Insgesamt war dieser Besuch also doch etwas ernüchternd. Und ich verstehe eines nicht: In einigen Ländern gehen die Leute in Badebekleidung in die Sauna. Was macht das für einen Sinn? Jedenfalls stellte sich bei mir die Entspannung nicht so richtig ein, während ich im nassen Bikini in der Sauna oder dem Dampfbad saß.

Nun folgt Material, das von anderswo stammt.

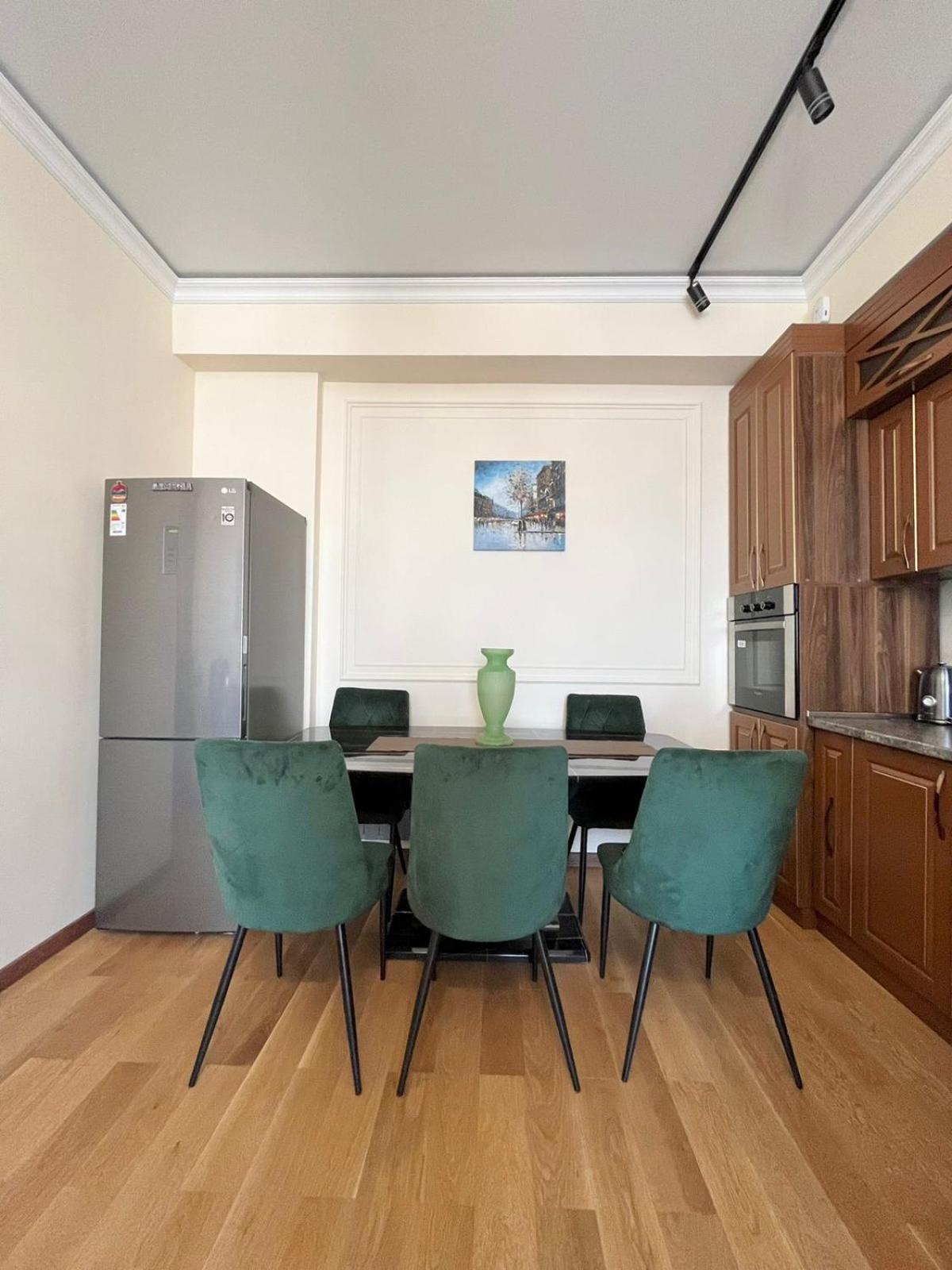 Luxuary 2 Bedroom Apartment in Yerevan,CENTRE,NEW Building Near Malibu Park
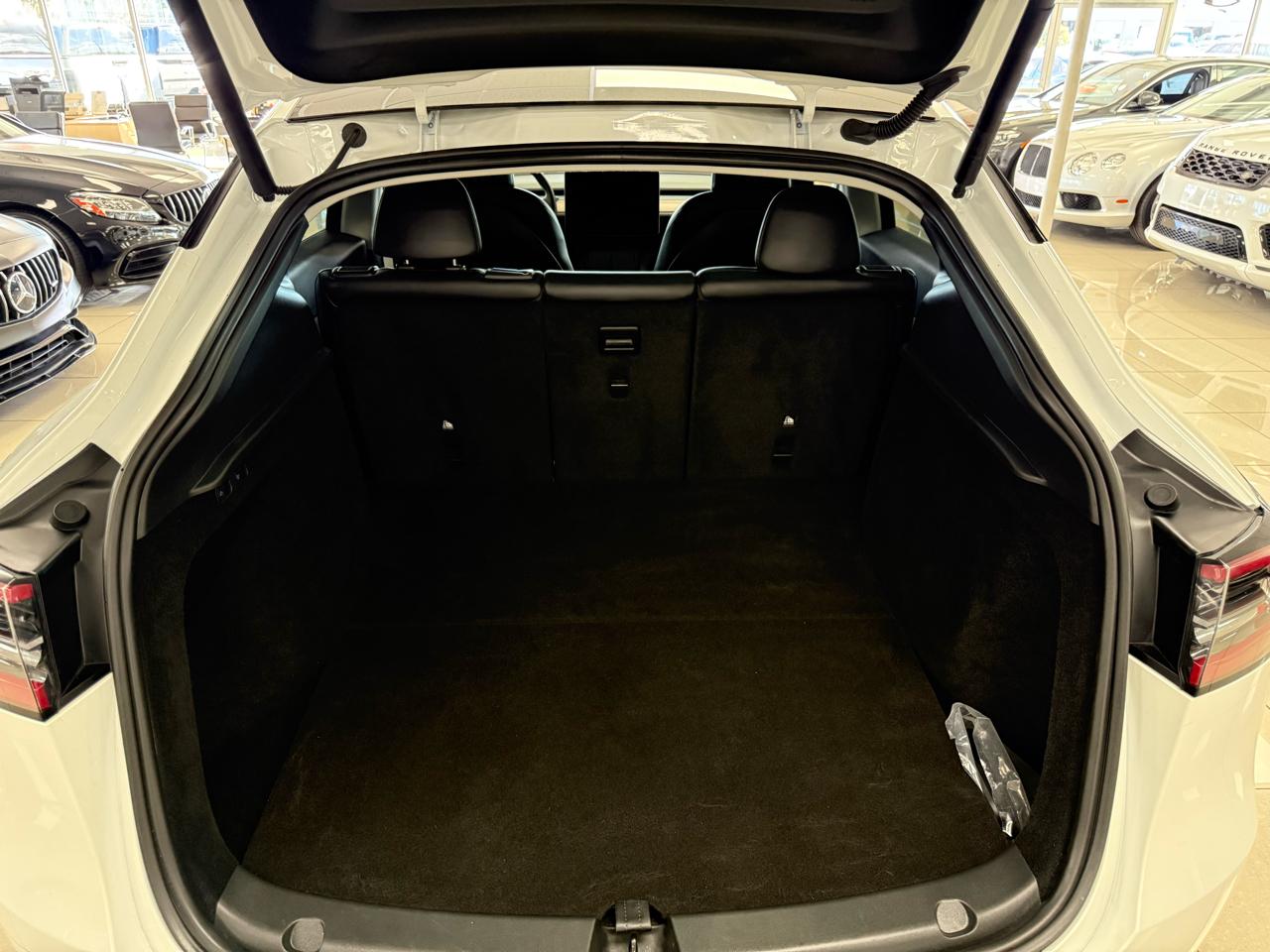 Tesla Model Y Long Range 2024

Den wunderschönen Außenbereich konnten wir jedoch entgegen aller Behindertenfeindlichkeit zuerst bei Sonnenschein am Nachmittag und später abends unterm Sternenhimmel ausgiebig genießen. Zwischendurch gab es noch einen kleinen Aperitivo mit leckeren italienischen Snacks und Getränken. Bevor wir gingen, sammelten wir unsere Sachen in den Schränken ein, blockierten das Behinderten-WC und duschten dort gemeinsam. Wir setzten dabei zwar den halben Toilettenbereich unter Wasser, aber das war uns egal. Ein kleiner Denkanstoß in Richtung Inklusion konnte sicher nicht schaden.
Wie der Titel schon verrät, ging unser Mailand-Abenteuer noch weiter. Deshalb: Fortsetzung folgt …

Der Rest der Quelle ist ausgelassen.